Advoga que o Judiciário deve ser o mais transparente dos poderes e que, como guardião da Constituição Federal, não pode ter desvios “no atacado”.

A seguir, trechos da entrevista ao Diário Catarinense.

Diário CatarinenseO senhor estava na presidência durante boa parte do julgamento do mensalão. Considera o julgamento um divisor de águas no Brasil?
Carlos Ayres Britto — Não sei se posso qualificá-lo como um divisor de águas. Foi um julgamento diferenciado no sentido da heterodoxia do processo. O caso foi diferente de qualquer outro, por isso estou chamando de heterodoxo. Foram 40 réus no ponto de partida da acusação, réus bem situados na escala social, na chamada pirâmide social e política, empresarial. Uma imputação feita pelo Ministério Público de sete crimes teoricamente graves, 600 testemunhas, um processo com mais de 50 mil páginas. O Supremo teve que decidir durante os meses de agosto, setembro, outubro, novembro, ininterruptamente. Exigindo, portanto, esforço concentrado, absolutamente inédito. Nesse sentido foi um divisor de águas. Agora, vamos esperar o julgamento final dos embargos de declaração.

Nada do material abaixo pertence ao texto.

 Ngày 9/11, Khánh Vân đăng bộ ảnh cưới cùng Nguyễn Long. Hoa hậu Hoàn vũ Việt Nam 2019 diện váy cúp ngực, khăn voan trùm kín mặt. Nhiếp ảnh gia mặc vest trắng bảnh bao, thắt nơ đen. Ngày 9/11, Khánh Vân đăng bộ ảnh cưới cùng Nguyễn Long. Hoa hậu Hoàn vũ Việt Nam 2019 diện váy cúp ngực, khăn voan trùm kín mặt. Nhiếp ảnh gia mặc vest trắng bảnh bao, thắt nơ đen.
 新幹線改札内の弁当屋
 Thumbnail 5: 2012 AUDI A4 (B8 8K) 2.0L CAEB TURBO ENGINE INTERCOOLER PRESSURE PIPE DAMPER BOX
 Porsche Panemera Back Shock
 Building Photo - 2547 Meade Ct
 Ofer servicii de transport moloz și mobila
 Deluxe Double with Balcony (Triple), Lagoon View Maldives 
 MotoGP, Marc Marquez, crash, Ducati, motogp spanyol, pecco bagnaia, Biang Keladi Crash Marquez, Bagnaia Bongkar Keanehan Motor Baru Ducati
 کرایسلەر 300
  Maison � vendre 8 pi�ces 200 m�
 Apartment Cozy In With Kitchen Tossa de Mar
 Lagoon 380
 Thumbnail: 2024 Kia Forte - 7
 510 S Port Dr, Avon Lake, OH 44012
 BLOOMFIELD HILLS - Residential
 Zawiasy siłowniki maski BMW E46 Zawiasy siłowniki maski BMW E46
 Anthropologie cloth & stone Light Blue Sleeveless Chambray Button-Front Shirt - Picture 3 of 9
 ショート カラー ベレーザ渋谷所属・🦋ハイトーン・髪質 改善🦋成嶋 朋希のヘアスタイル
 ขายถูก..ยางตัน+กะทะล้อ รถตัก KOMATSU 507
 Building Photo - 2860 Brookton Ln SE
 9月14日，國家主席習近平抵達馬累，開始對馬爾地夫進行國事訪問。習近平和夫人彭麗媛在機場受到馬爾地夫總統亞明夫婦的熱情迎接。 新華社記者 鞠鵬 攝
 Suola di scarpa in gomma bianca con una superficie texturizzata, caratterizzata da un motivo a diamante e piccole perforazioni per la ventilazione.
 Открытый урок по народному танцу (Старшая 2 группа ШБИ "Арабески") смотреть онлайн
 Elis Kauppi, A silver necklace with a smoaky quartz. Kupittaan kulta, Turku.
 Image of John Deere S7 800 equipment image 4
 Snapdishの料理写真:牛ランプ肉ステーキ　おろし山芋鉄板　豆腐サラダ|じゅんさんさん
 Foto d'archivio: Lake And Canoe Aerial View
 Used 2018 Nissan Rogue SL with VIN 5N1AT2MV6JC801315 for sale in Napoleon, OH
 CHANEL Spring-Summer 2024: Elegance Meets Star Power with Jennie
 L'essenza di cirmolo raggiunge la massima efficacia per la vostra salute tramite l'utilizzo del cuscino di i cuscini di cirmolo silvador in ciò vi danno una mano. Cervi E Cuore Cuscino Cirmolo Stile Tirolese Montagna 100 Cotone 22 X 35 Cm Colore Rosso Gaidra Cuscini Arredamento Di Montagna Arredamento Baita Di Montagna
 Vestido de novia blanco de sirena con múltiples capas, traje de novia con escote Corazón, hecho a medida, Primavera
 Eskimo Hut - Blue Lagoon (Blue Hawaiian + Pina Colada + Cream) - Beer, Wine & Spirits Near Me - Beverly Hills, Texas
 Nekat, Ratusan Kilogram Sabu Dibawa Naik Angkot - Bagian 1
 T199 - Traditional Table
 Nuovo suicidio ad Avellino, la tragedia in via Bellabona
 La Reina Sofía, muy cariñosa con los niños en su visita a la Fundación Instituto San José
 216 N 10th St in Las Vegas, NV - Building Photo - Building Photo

DCO senhor acha que o STF cumpriu seu papel de seguir à Constituição ou se rendeu a um apelo popular no caso do mensalão?
Ayres Britto —O Supremo é uma Casa madura, democrática, que sabe bem do seu papel de cumprimento irrestrito da constituição brasileira. O Supremo não corteja a opinião pública e não faz salamaleques para a imprensa. Cada ministro é responsável, maduro, equilibrado, e não corteja notoriedade. O julgamento foi técnico.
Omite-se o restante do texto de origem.